A composite view of a complete set of Japanese sword fittings (koshirae 拵) for a long sword (katana 刀) with a full length wooden blade (sunagi).  The theme of the koshirae is influenced by the Province of Hizen (肥前國).  Forged iron (tetsu 鉄) hand guard (tsuba 鐔) while unsigned (mumei 無銘) is a work of the Jakushi (杓子) School based in the port city of Nagasaki (長崎) in Hizen Province.
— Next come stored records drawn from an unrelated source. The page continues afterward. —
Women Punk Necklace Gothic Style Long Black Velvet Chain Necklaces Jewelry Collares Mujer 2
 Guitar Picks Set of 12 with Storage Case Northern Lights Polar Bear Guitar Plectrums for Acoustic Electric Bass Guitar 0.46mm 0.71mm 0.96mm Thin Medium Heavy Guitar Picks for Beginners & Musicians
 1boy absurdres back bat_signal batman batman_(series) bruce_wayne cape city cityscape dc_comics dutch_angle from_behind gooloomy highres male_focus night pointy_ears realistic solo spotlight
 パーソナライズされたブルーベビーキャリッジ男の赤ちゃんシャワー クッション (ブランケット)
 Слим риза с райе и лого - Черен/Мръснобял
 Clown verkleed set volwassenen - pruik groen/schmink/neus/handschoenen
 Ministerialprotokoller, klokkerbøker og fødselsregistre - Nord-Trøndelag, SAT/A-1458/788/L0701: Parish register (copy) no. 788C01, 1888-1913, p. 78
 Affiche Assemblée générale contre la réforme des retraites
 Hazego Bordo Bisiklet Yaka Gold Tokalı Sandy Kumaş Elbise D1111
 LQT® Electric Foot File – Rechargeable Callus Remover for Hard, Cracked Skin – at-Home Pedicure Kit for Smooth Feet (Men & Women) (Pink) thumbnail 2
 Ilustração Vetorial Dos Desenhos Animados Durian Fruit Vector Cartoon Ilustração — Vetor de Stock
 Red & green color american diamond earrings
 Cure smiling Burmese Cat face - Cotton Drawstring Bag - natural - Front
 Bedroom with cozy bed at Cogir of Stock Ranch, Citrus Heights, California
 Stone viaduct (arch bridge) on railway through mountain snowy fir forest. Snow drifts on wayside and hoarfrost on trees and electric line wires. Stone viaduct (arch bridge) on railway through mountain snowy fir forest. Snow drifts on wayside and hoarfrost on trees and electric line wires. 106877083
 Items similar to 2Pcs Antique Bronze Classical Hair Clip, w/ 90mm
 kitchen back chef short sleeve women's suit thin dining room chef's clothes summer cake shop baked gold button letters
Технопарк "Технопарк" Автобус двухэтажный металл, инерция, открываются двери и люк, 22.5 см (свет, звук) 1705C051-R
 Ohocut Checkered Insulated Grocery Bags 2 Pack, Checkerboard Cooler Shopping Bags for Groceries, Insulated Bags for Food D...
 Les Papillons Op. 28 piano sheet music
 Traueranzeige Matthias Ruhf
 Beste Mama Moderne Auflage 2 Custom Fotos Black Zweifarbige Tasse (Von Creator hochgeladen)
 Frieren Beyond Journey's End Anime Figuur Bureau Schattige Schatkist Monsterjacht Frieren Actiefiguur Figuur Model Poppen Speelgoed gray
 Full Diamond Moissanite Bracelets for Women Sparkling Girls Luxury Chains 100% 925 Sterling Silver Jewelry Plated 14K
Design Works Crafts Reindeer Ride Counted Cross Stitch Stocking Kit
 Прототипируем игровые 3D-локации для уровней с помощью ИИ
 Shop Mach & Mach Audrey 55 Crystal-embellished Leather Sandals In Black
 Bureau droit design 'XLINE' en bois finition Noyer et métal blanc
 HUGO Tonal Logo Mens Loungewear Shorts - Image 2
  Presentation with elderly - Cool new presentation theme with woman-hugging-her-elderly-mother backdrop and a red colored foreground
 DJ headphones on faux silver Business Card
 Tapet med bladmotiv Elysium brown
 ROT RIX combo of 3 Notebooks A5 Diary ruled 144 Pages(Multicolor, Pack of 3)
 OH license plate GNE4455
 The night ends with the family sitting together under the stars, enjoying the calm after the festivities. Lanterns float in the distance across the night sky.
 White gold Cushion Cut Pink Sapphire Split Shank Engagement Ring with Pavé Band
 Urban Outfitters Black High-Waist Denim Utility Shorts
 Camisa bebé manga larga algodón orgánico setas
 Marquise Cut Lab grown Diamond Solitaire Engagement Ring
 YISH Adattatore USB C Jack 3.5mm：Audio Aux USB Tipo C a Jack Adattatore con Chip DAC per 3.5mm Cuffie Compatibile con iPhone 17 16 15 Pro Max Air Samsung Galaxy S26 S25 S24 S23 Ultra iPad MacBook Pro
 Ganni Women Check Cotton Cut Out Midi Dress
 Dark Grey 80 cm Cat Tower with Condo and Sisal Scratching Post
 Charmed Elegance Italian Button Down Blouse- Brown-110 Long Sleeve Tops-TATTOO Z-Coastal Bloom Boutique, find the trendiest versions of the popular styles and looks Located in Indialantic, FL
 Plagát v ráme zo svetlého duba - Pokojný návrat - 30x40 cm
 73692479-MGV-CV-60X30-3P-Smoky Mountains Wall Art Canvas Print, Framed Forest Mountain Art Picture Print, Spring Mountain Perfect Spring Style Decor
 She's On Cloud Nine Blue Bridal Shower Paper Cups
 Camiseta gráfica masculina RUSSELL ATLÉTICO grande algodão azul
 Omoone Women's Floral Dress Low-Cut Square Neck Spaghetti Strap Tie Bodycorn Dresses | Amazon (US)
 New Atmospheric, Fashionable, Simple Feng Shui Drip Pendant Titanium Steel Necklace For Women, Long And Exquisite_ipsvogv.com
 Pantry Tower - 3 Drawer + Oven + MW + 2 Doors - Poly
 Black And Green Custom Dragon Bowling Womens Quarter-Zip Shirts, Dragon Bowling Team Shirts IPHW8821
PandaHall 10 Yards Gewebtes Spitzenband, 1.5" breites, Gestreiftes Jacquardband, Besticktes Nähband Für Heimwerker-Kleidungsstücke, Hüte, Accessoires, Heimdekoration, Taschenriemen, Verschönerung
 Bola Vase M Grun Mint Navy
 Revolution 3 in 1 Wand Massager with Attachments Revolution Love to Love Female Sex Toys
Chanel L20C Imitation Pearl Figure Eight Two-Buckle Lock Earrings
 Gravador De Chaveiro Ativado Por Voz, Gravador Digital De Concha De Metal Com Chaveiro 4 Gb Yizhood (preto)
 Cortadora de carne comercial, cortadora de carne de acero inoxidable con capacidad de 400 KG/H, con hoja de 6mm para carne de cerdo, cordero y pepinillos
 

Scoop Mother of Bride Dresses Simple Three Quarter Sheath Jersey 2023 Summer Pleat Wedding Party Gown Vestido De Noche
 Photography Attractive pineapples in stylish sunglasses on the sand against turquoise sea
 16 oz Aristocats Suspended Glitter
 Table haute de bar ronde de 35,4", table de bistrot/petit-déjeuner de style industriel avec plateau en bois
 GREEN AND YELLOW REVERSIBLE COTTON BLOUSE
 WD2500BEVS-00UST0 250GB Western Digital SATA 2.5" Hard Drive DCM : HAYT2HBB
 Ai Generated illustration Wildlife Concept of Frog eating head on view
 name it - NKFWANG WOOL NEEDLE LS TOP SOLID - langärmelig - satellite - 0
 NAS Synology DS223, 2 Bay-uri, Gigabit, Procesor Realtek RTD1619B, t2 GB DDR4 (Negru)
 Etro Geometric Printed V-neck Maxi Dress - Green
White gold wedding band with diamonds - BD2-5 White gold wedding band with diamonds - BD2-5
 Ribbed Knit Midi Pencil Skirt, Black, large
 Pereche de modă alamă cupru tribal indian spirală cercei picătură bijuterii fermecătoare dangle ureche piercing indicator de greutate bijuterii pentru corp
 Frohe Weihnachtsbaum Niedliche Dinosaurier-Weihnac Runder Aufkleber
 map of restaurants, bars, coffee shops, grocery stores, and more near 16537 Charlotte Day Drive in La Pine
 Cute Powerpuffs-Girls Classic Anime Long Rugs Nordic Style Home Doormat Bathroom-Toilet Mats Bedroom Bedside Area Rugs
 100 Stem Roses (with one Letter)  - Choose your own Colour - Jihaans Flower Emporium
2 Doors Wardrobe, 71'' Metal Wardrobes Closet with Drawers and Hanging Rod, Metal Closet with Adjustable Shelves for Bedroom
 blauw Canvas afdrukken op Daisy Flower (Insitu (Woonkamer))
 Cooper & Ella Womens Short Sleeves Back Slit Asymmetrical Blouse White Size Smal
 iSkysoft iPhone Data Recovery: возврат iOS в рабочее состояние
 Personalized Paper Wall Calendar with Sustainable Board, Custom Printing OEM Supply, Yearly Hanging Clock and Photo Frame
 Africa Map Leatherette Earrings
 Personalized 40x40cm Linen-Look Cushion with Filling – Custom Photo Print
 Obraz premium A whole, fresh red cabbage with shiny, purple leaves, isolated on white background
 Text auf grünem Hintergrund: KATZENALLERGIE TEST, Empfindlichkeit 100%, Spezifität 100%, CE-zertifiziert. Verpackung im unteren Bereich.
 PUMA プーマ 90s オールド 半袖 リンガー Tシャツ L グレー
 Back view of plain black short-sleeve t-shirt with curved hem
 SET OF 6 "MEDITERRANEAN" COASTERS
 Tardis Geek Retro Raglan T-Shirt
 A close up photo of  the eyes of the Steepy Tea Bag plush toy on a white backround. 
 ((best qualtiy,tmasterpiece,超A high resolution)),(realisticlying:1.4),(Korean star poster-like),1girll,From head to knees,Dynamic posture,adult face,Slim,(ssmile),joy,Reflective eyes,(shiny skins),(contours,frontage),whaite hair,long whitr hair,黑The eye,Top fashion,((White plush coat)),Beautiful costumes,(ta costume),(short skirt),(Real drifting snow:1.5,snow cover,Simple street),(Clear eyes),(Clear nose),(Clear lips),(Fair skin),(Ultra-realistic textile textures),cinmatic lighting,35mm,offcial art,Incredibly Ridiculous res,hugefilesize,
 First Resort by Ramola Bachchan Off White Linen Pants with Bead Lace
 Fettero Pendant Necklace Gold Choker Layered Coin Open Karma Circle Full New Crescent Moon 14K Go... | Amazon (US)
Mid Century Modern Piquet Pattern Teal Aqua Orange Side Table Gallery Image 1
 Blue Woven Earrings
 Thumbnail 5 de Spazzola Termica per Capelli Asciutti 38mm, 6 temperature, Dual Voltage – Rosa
The artistic scene on both sides of the tsuba is that of a Chinese style painting made popular during the Ming Dynasty that was exported to southern Japan during the beginning of the Edo Period with the collapse of the Ming Dynasty (1644 CE).  The design is rendered with the inlay of various soft metals on the iron plate which includes gold, silver, and copper.  
The handle (tsuka 柄) is warped in black silk over high quality sting ray skin leather that has been blacken by the application of black lacquered (kuro-urushi 黒漆).  The fuchi-gashira (縁頭) are made of forged iron with soft metal inlays of gold, silver, and copper.  The fuchi is signed (Jakushi 杓子) on its face.  The two-character signature style is consistent with what the Jakushi School used during the late Edo Period.  
The hilt ornaments (menuki目貫) are made of iron is done in high relief carving (takabori 高彫) style.  The design itself dates from the Muromachi Period (室町時代) was first made popular by the Goto School (後藤).  The design of menuki is of a crawling male and female Japanese style dragon (hairyū 這龍).  The male dragon can be distinguished from the female dragon by presence of a double-edged sword (ken 剣) at the end of its tail.  The male dragon can also be identified by its reaching for the wish for filling jewel (hō-ju 宝珠).  While the menuki are mumei due to the subject matter, quality of the carving, and use of iron as the base metal for the menuki they are likely the work of the Tetsugendo (鉄元堂) School.

The end cap (kojiri こじり) of the the polished black scabbard (saya 鞘) is made of silver and signed (Yoshiteru horu 義照彫).  He lived in Kyōto (京都) from 1828 until 1902 and was a student of the artist Arakitōmei (荒木東明).  He favored working in silver and the copper-silver alloy of (shibuichi 四分一).